··· Provided entries

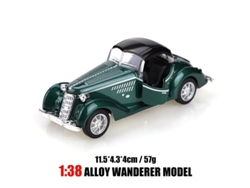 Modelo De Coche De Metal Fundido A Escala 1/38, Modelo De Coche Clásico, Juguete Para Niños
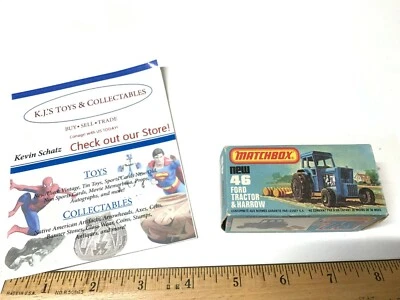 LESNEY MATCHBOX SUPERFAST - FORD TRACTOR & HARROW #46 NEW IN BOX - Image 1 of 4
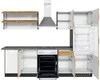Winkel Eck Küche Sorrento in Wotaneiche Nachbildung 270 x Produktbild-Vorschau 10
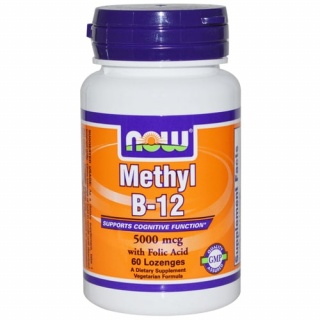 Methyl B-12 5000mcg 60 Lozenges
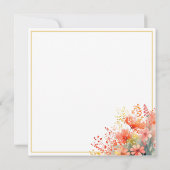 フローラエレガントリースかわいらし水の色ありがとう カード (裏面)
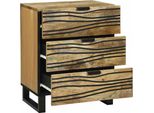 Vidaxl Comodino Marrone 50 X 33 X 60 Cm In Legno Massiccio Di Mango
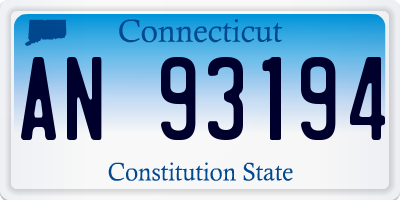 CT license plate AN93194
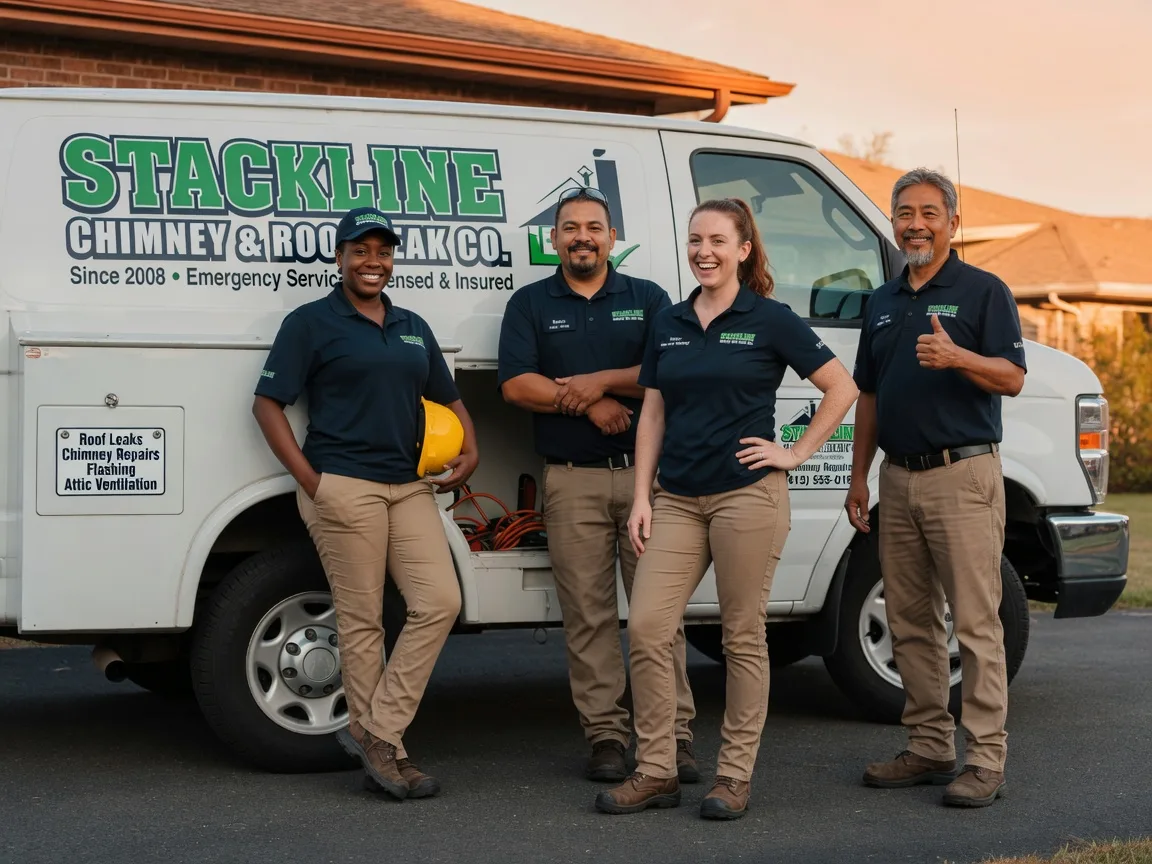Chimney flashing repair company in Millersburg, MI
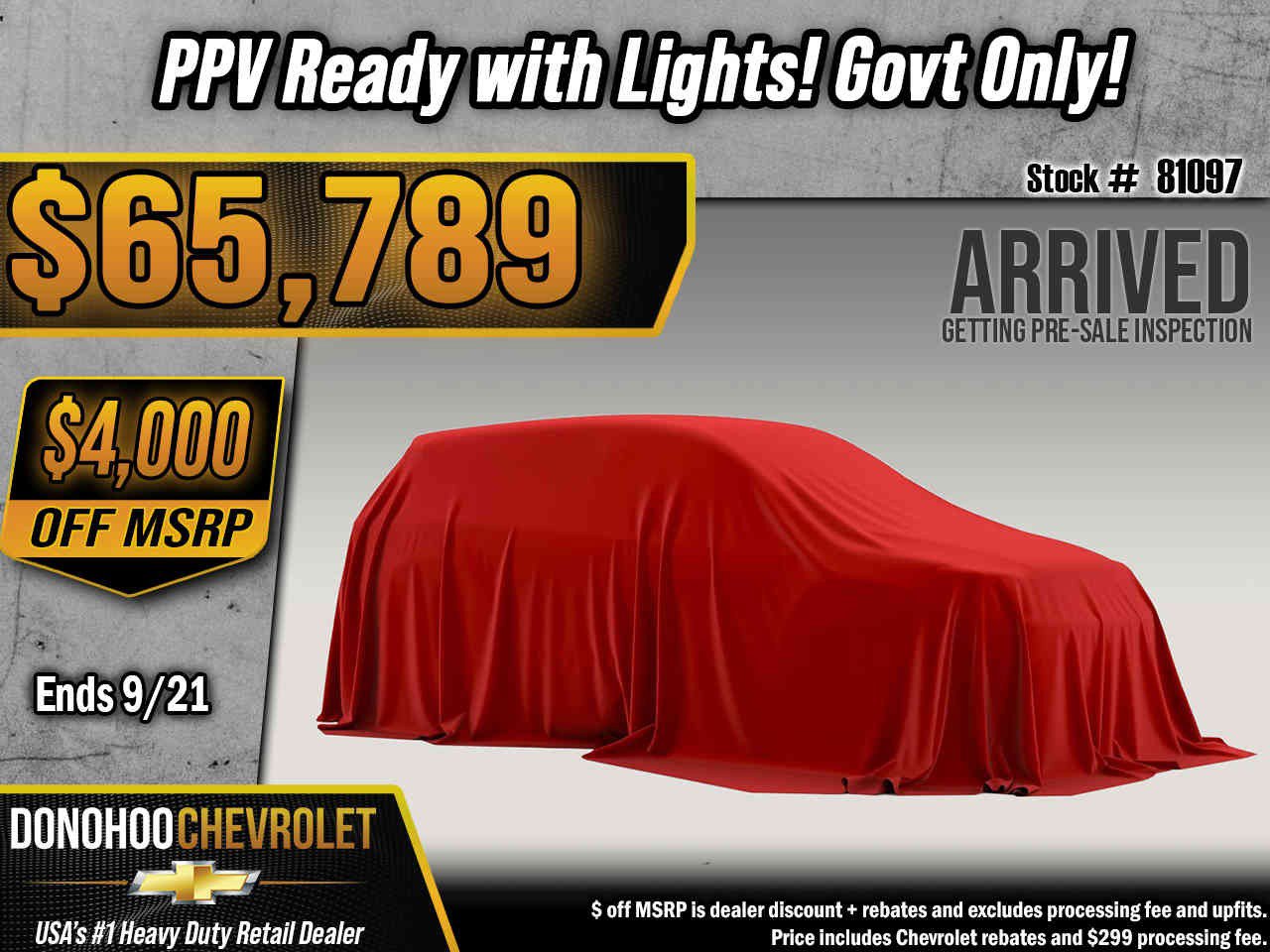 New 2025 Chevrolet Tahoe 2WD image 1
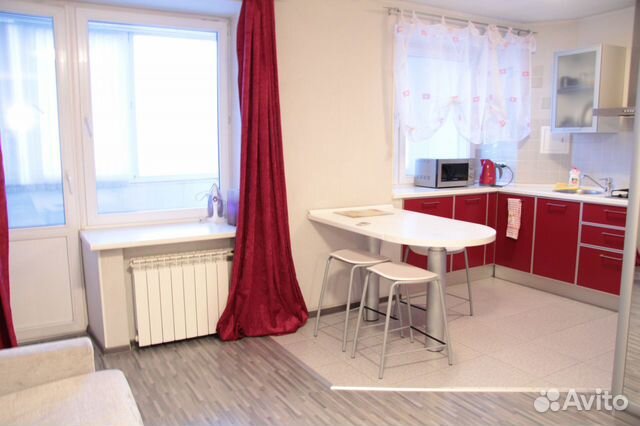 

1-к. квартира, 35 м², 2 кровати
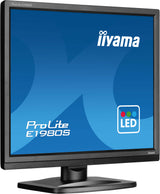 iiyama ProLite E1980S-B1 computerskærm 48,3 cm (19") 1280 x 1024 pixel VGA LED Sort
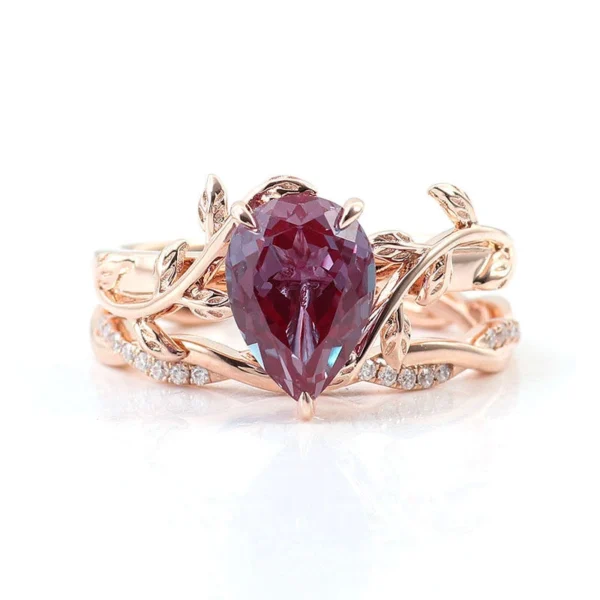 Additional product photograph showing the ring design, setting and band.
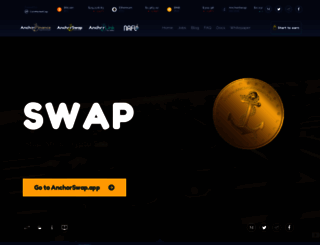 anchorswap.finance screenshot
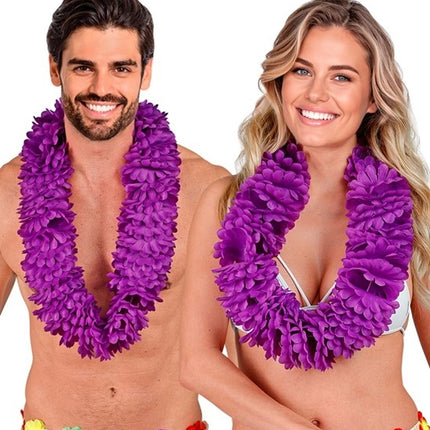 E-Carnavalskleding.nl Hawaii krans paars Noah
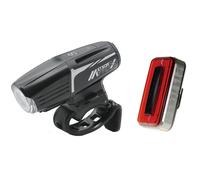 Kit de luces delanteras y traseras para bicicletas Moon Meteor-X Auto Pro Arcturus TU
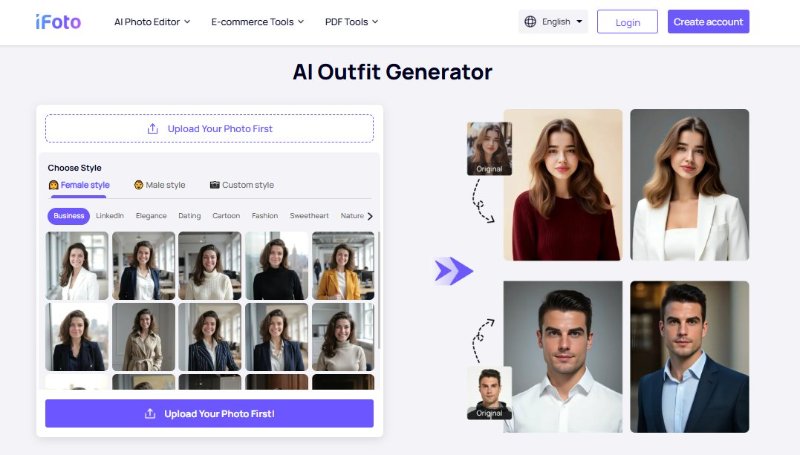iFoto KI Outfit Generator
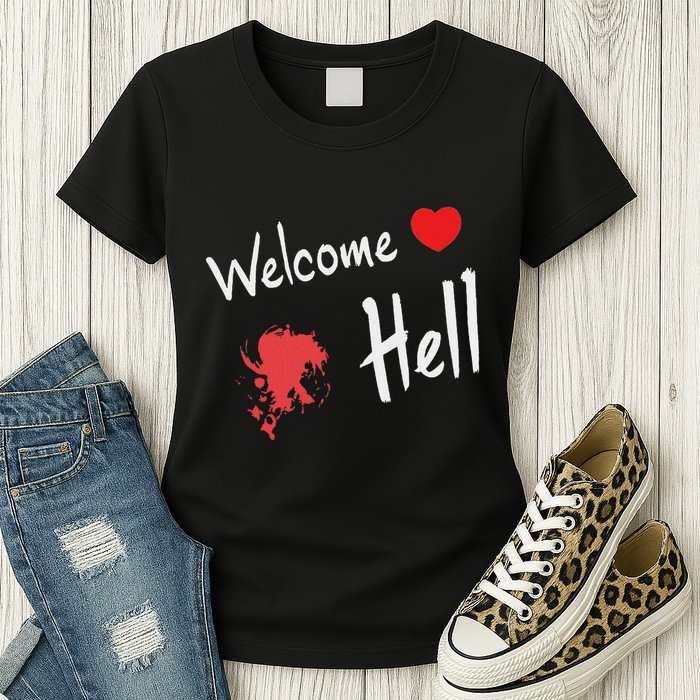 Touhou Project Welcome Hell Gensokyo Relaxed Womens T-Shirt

······

**Task details**
Omitting the pictures, repeat all entries exactly.

**Task output**
 Modelo De Coche De Metal Fundido A Escala 1/38, Modelo De Coche Clásico, Juguete Para Niños
 LESNEY MATCHBOX SUPERFAST - FORD TRACTOR & HARROW #46 NEW IN BOX - Image 1 of 4
Winkel Eck Küche Sorrento in Wotaneiche Nachbildung 270 x Produktbild-Vorschau 10
 Methyl B-12 5000mcg 60 Lozenges
 フローラエレガントリースかわいらし水の色ありがとう カード (裏面)
 Vidaxl Comodino Marrone 50 X 33 X 60 Cm In Legno Massiccio Di Mango
 CT license plate AN93194
Chimney flashing repair company in Millersburg, MI
 New 2025 Chevrolet Tahoe 2WD image 1

1-к. квартира, 35 м², 2 кровати
 iiyama ProLite E1980S-B1 computerskærm 48,3 cm (19") 1280 x 1024 pixel VGA LED Sort
 Additional product photograph showing the ring design, setting and band.
 anchorswap.finance screenshot
 E-Carnavalskleding.nl Hawaii krans paars Noah
 Kit de luces delanteras y traseras para bicicletas Moon Meteor-X Auto Pro Arcturus TU
iFoto KI Outfit Generator
 Touhou Project Welcome Hell Gensokyo Relaxed Womens T-Shirt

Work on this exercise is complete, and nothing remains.